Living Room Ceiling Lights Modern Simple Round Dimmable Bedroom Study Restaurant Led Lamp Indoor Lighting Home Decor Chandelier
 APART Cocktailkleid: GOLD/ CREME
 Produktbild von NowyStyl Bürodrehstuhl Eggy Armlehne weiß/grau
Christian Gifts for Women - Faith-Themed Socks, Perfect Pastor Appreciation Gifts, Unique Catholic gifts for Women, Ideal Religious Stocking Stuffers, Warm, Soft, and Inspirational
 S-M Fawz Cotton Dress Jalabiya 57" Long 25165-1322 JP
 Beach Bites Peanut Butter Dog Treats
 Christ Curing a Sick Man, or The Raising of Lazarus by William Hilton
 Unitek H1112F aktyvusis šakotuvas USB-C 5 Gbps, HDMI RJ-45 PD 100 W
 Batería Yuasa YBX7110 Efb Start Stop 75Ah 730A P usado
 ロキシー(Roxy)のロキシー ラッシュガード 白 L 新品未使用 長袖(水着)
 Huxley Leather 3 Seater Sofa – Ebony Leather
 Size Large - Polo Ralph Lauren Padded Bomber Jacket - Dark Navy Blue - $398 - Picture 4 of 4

# Action item
Which lines run from the one containing "Produktbild von NowyStyl" through the end of the material? Output exactly those lines and no others.

# Problem solution
 Produktbild von NowyStyl Bürodrehstuhl Eggy Armlehne weiß/grau
Christian Gifts for Women - Faith-Themed Socks, Perfect Pastor Appreciation Gifts, Unique Catholic gifts for Women, Ideal Religious Stocking Stuffers, Warm, Soft, and Inspirational
 S-M Fawz Cotton Dress Jalabiya 57" Long 25165-1322 JP
 Beach Bites Peanut Butter Dog Treats
 Christ Curing a Sick Man, or The Raising of Lazarus by William Hilton
 Unitek H1112F aktyvusis šakotuvas USB-C 5 Gbps, HDMI RJ-45 PD 100 W
 Batería Yuasa YBX7110 Efb Start Stop 75Ah 730A P usado
 ロキシー(Roxy)のロキシー ラッシュガード 白 L 新品未使用 長袖(水着)
 Huxley Leather 3 Seater Sofa – Ebony Leather
 Size Large - Polo Ralph Lauren Padded Bomber Jacket - Dark Navy Blue - $398 - Picture 4 of 4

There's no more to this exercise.